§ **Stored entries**
────────────────

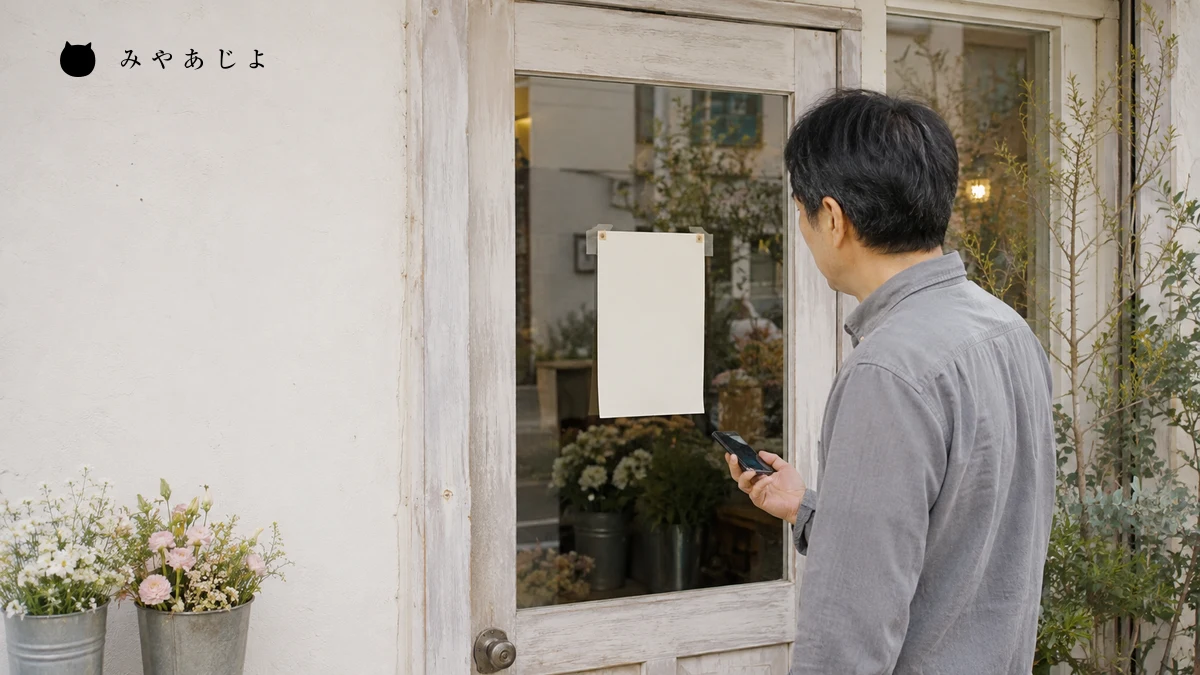 架空の花店担当者がスマートフォンと店頭の案内用紙を見比べ利用日前の情報を確認する編集イメージ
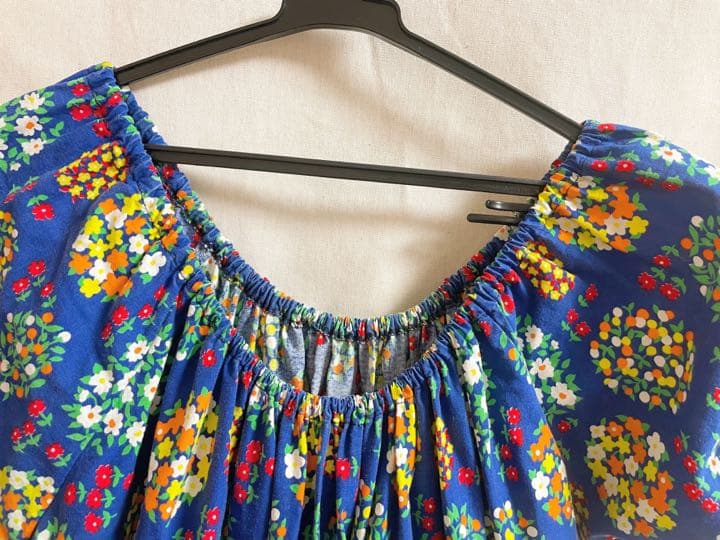 vintage blue flower dress マキシワンピース 古着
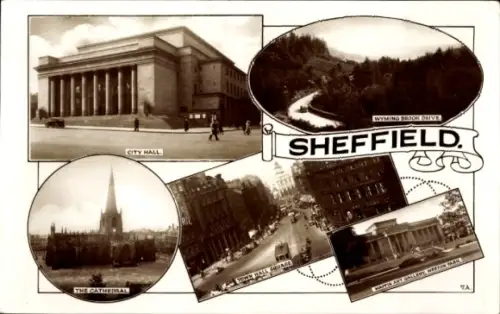 Ak Sheffield Yorkshire England, City Hall, Wyming Brook Drive, Cathedral, Town Hall Square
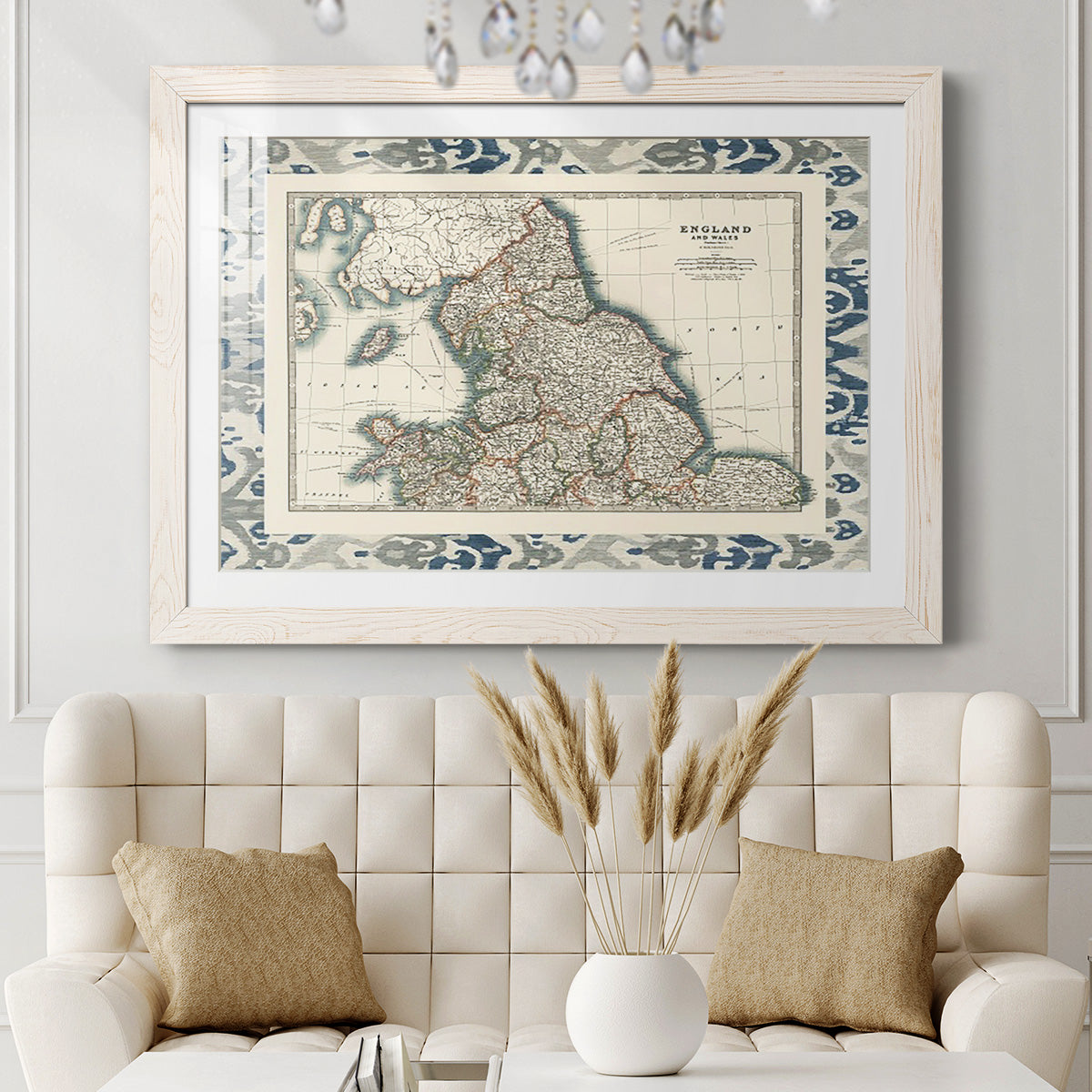 Bordered Map of England & Wales-Premium Framed Print - Ready to Hang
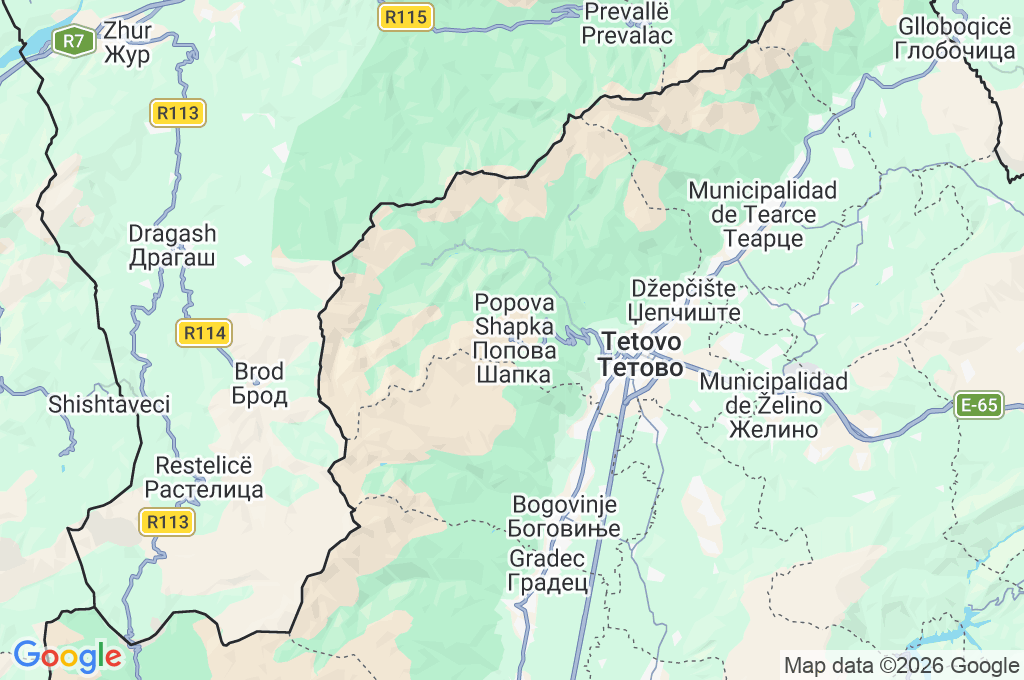 Popova Shapka Area Map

────────────────

§ **REQUIRED ACTION**
Restate the entries above word for word, keeping pictures out of the copy.

§ **TASK OUTPUT**
 架空の花店担当者がスマートフォンと店頭の案内用紙を見比べ利用日前の情報を確認する編集イメージ
 vintage blue flower dress マキシワンピース 古着
 Ak Sheffield Yorkshire England, City Hall, Wyming Brook Drive, Cathedral, Town Hall Square
 Bordered Map of England & Wales-Premium Framed Print - Ready to Hang
 Popova Shapka Area Map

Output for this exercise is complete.